• _Work required_:
Using the listing below, copy exactly the lines from the one containing "Tagescreme anne möller" to the one containing "Mercedes-Benz Vito 119", both lines included, and no others.

• _The records_:
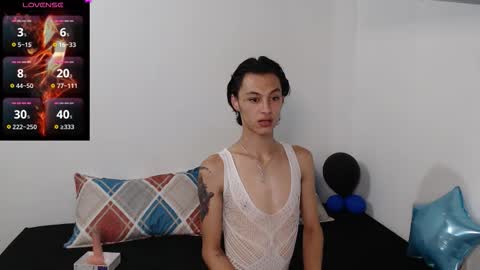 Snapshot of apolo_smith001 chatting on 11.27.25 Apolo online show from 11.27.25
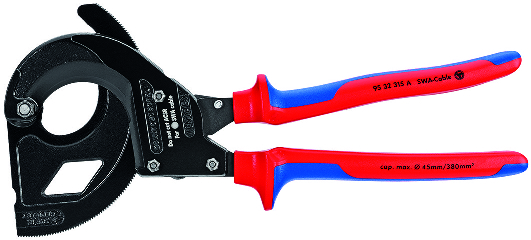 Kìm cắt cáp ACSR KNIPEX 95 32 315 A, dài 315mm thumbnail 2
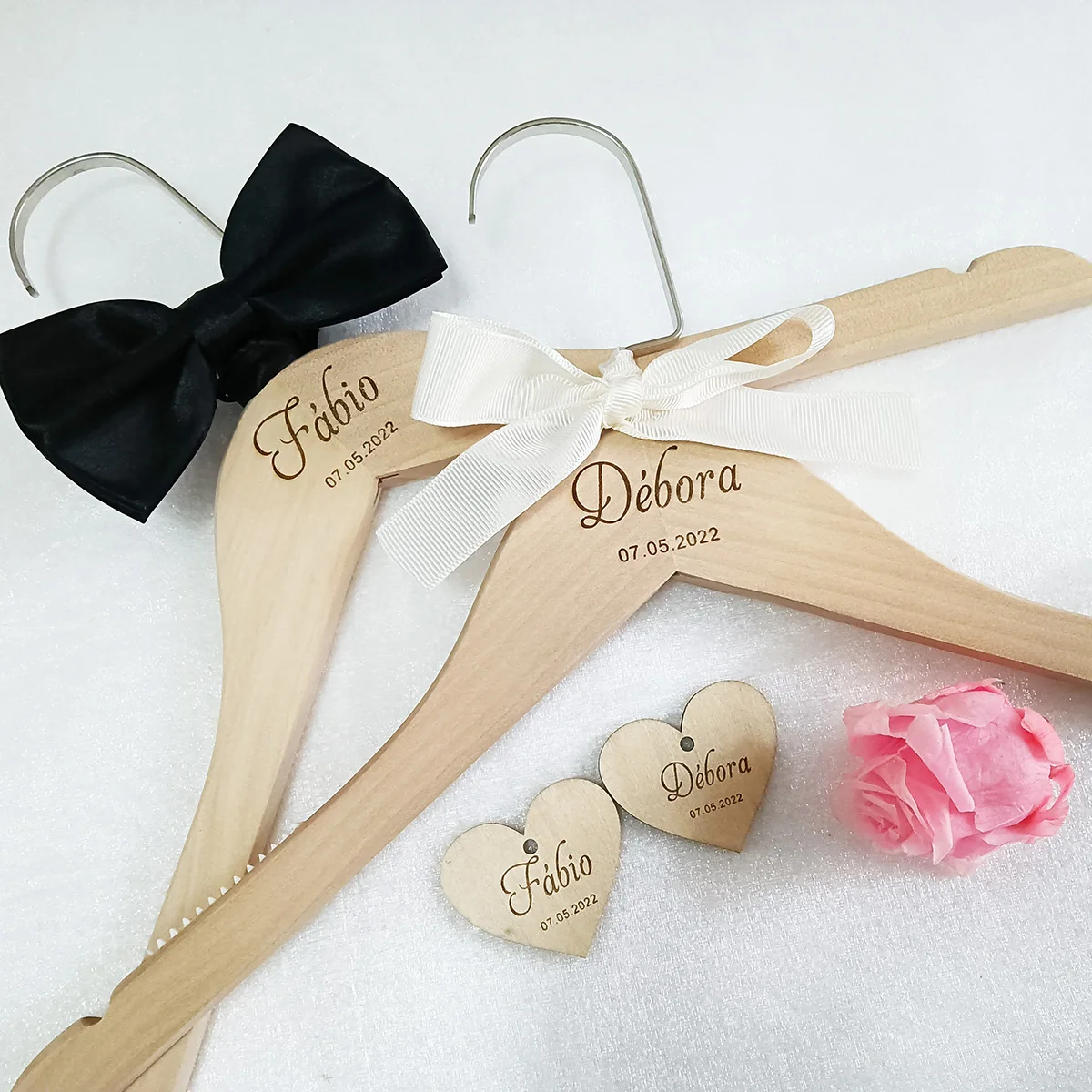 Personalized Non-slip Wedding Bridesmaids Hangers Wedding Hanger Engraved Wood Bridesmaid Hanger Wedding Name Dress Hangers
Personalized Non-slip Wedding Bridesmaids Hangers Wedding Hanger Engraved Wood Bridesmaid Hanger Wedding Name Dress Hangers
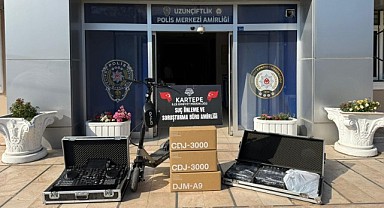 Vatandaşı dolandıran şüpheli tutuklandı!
* * *
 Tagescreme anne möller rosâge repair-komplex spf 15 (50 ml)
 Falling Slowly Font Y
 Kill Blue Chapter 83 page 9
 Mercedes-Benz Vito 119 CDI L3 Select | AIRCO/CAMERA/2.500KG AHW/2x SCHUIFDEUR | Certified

• _Solution for this exercise_:
 Tagescreme anne möller rosâge repair-komplex spf 15 (50 ml)
 Falling Slowly Font Y
 Kill Blue Chapter 83 page 9
 Mercedes-Benz Vito 119 CDI L3 Select | AIRCO/CAMERA/2.500KG AHW/2x SCHUIFDEUR | Certified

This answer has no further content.